The guest house was the size of a large apartment, built for his grandmother who died a week before she was meant to move in. It was clean, spaceous, well insulated, and more importantly than anything, a safe distance from his pop. For five-hundred a month, Matt had the escape he needed. The independence without the financial suffering. Only problem was Jessica, who had practically adhered herself to the walls from the moment he moved in.

As the rickety front door battered shut behind Matt, he was choked by the stink of hot, scented wax. A candle burned on the fireplace mantle, browning the paint on the wall beside it. Matt masked his mouth in his sleeve. "Son of a bitch, Jess." He dropped his things by the couch and blew the flame out in a hurry. As he reached for the candle, the glass seared into his fingers. He dropped it to the floorboards, jar cracking clean down the middle. Fucks sake, he hated candles. Hated the artificial stink, the way the smoke caught in his throat. More than anything, he hated them 'cause twice now they'd nearly burned the damn house down.

Candles, country music, her unhealthy obsession with horses—damn near everything Jess did cut cold shivers down his bones like nails on a chalkboard. But still, Matt wondered what life would be like without her. If being completely alone would destroy the last of whatever was left in him.

He opened the windows to waft out the smell, changed into his farm clothes and headed out toward the shed, fetching a bathing brush and a bucket of warm, sudsy water.

"Billy!" he shouted out into the breeze, setting a stool down on the gnawed pasture grass. When nothing happened, he cupped his hands to his mouth and gave his voice to the valley in deep, rolling echoes, "Billy!"

The fat Hereford cattle came bounding toward him, a small dot on the horizon. Matt could tell it was Billy all the same; he was the largest cow on the lot. Too fat to ever sell, too loyal a friend to ever slaughter. He thumped over, head low, snout gusting. When he caught a whiff of the soapy water, he swung his bulky hips over, nearly knocking Matt off his stool.

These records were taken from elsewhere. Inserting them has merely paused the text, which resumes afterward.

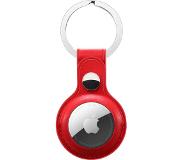 Apple AirTag Leren Sleutelhanger Rood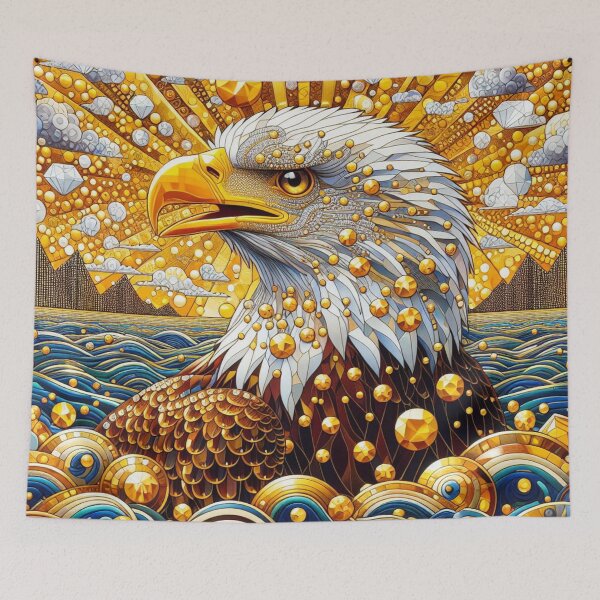 Item preview, Bald Eagle Diamonds in the Sky designed and sold by purplesensation.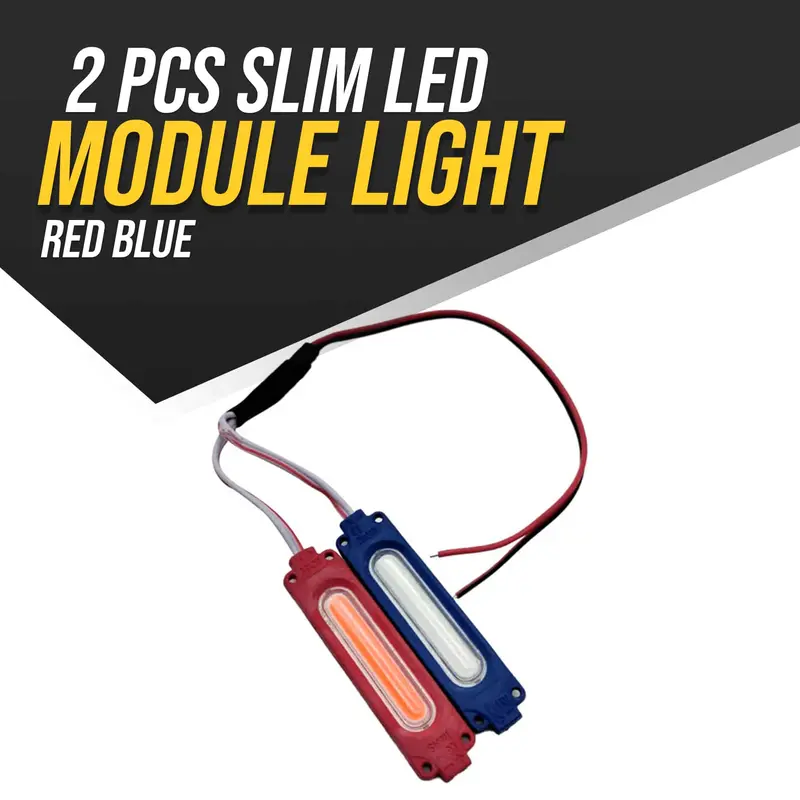 2 Pcs Slim Led Module Light Red Blue 1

"Alright, alright," Matt said, wetting the brush. "Hold still, you bastard." And as every time before, when Matt went to work washing the mud and manure from his fur, Billy turned into a two-ton comatose hunk of affection. He swung his head, nipped and nudged at Matt's shoulder—more dog than cow, Billy. The only thing on this farm he didn't detest with every fiber of himself were the animals, but mostly Billy. He was just different. Understood Matt.

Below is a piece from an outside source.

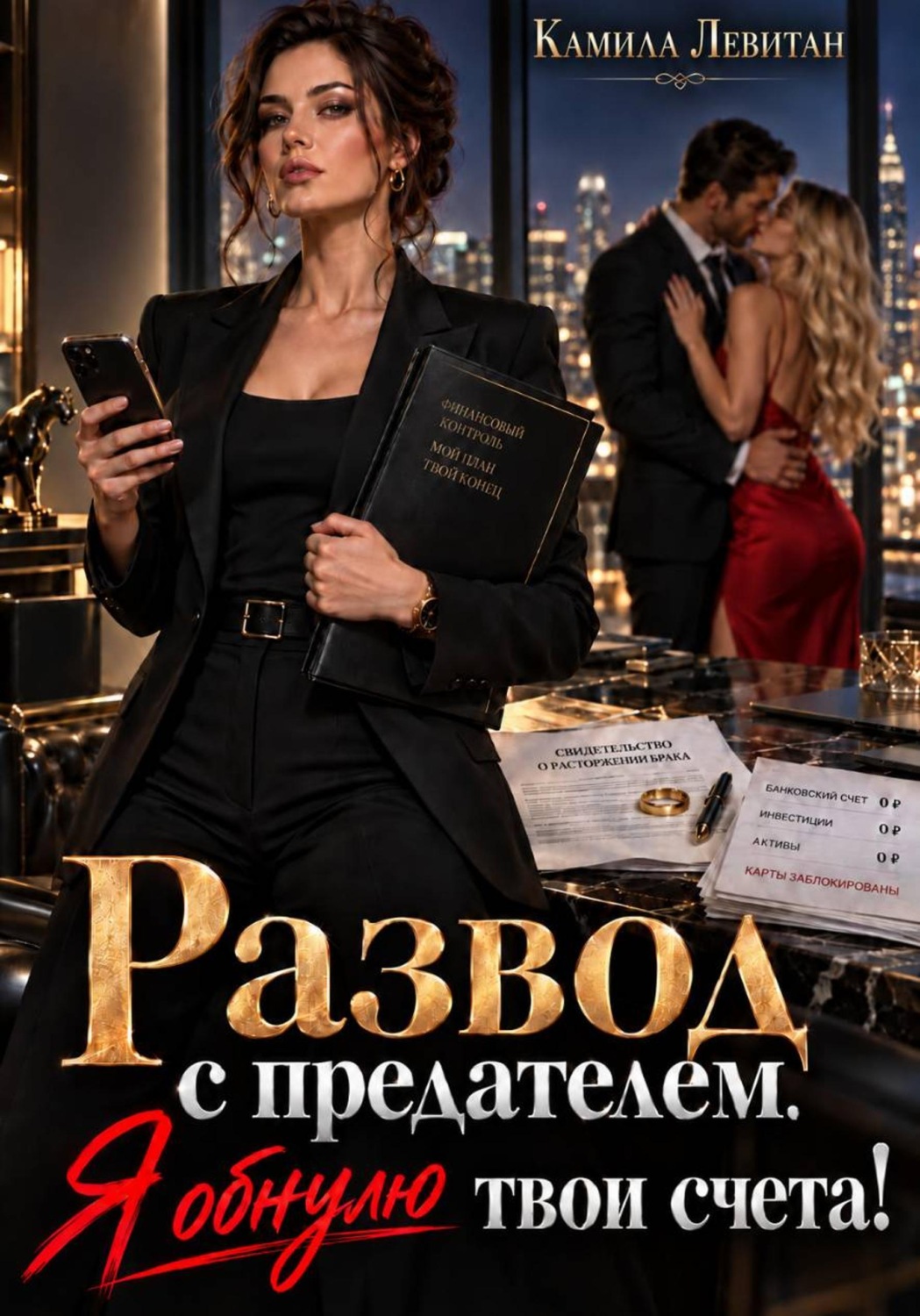 Обложка книги «Развод с предателем. Я обнулю твои счета!»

Raven's voice curled in his ears, thin and whispered like a breeze through an oat field. "Jesus kid, get yourself a girlfriend, huh?"

A crow careened down from the bare oak trees, long wicked toes clutching at the edge of the pasture fence. It's head snapped in all directions, black, bead eyes wide and unblinking.

"I have a girlfriend," Matt said, turning away from the bird and back to the soap on Billy's chestnut coat.

"Get yourself one you like. Or at least go stick your dick in something that doesn't make you hate yourself. Something that doesn't live on this farm, preferably."